I was pondering this thought after sitting through a presentation at a recent meeting of the Northern Security Group aka NUKSG

The discussion was going along the lines of how and why security issues occur and that one of the first questions that should be asked is “What has changed?”.  The rationale here is that with strong change control, not only do you improve security but you also improve operational performance.  This has already been researched extensively by the IT Process Institute and the publication that condenses this is called Visible Ops Security – which was  very kindly given out for free by Tripwire at the meeting.

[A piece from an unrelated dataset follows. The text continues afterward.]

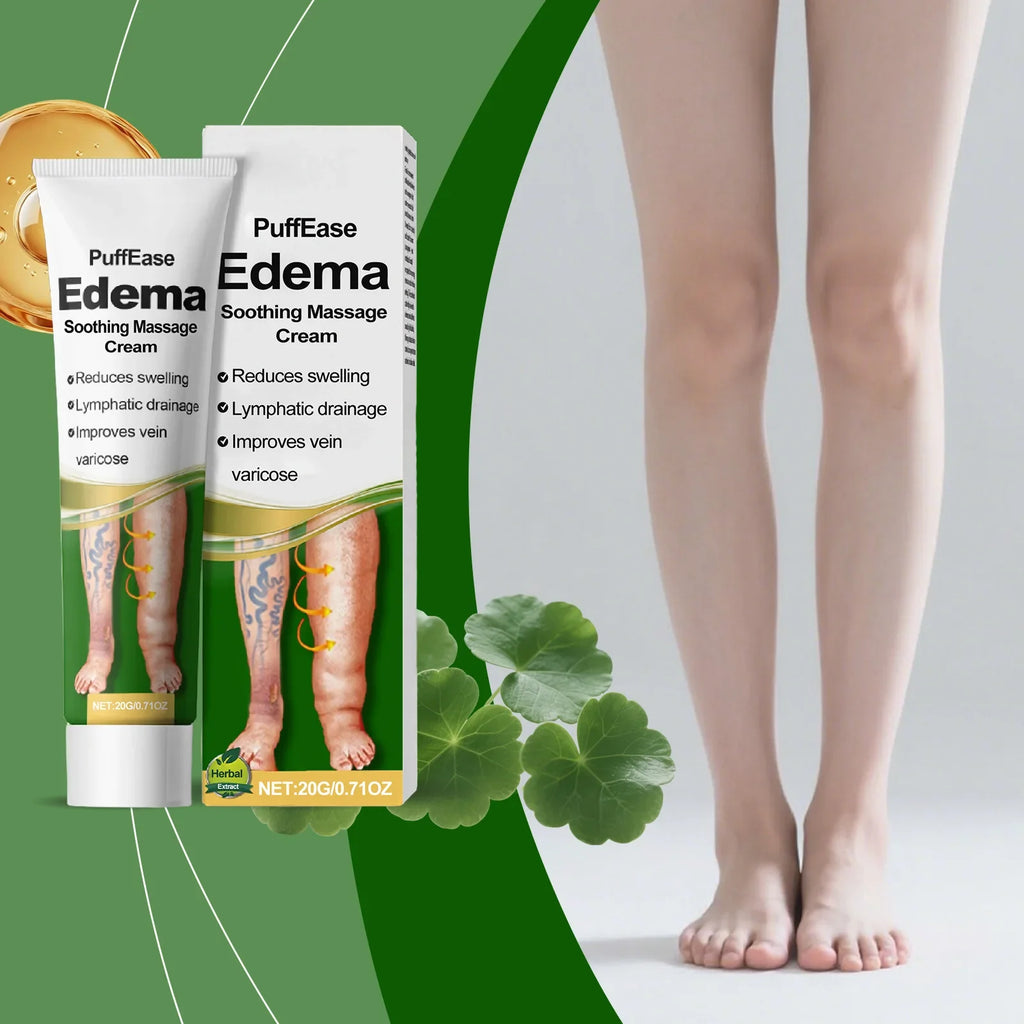 Varicose Vein & Leg Edema Relief Cream | Circulation Boost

This notion reminded me of my recent experience working for a French company – and the initial frustration when attempting to get something resolved.  A customer of mine whom himself had worked in France for some time, sugggested I read a book with the same title (60 million Frenchman can’t be wrong) and it might help.  For the unitiated, the French are very thorough and process driven and in the event that something needs a decision, they will go through the process of debating it even if the answer/decision appears obvious.  Whilst at first frustrating, in the long run I came to accept that this was clearly the best approach – if only so that there was nothing unexpected later on.  By properly following a procedure and having tight change control, the quality of output improves significantly.

The book goes into detail about how to integrate Information Security into daily operations, through a prescriptive phased approach – although the takeaway for me was to get Operations bought into the cost of not having tight change control.